| YOUR INSTRUCTIONS |
Pictures in the data should be dropped; transcribe exactly the lines from the one that has "preview Kia Sportage #1" through the one that has "1FTEX1EPXPKD99625 2023 Ford".

| THE RECORDS |

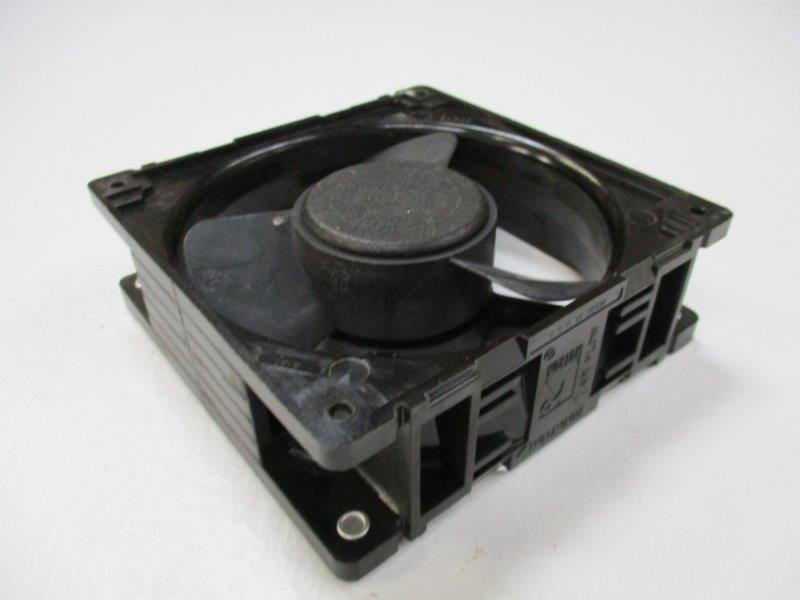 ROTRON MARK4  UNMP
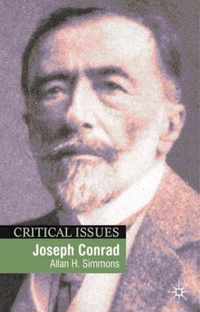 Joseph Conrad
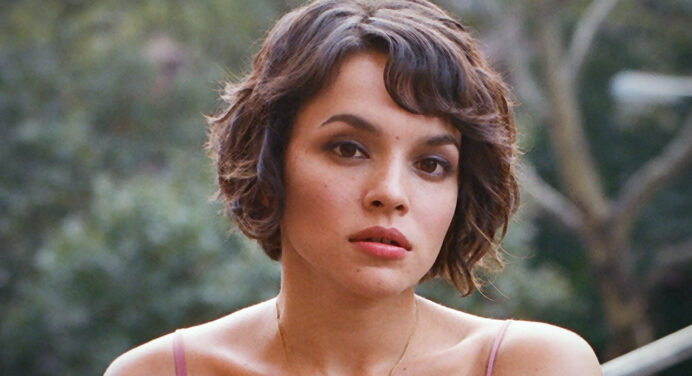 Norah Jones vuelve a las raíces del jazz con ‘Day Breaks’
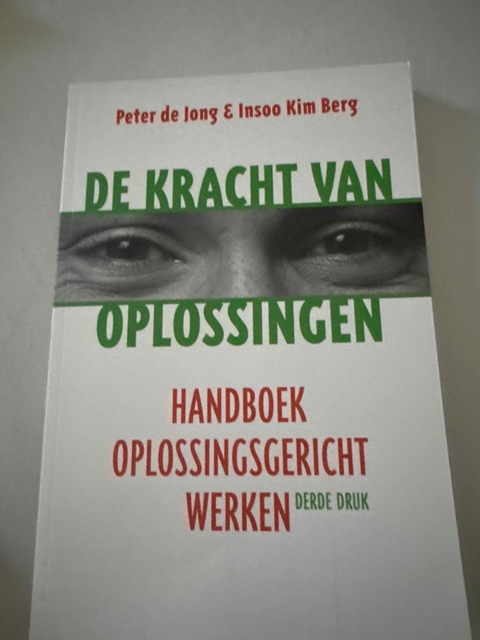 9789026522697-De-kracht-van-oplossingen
...
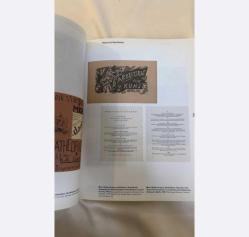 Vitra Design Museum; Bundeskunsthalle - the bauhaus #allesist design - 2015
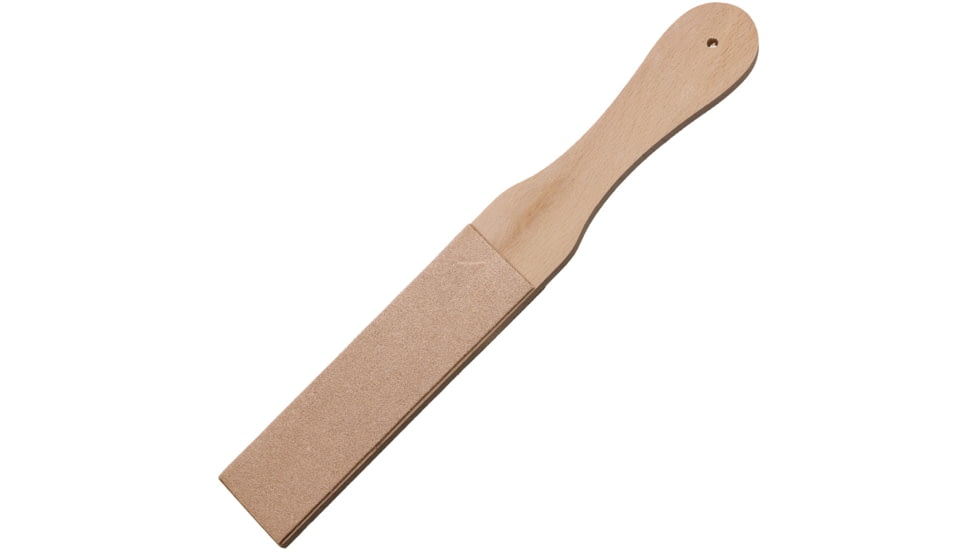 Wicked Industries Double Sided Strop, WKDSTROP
---
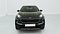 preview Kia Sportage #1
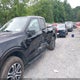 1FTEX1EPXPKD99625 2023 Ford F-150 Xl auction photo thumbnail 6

| RESPONSE AREA |
 preview Kia Sportage #1
 1FTEX1EPXPKD99625 2023 Ford F-150 Xl auction photo thumbnail 6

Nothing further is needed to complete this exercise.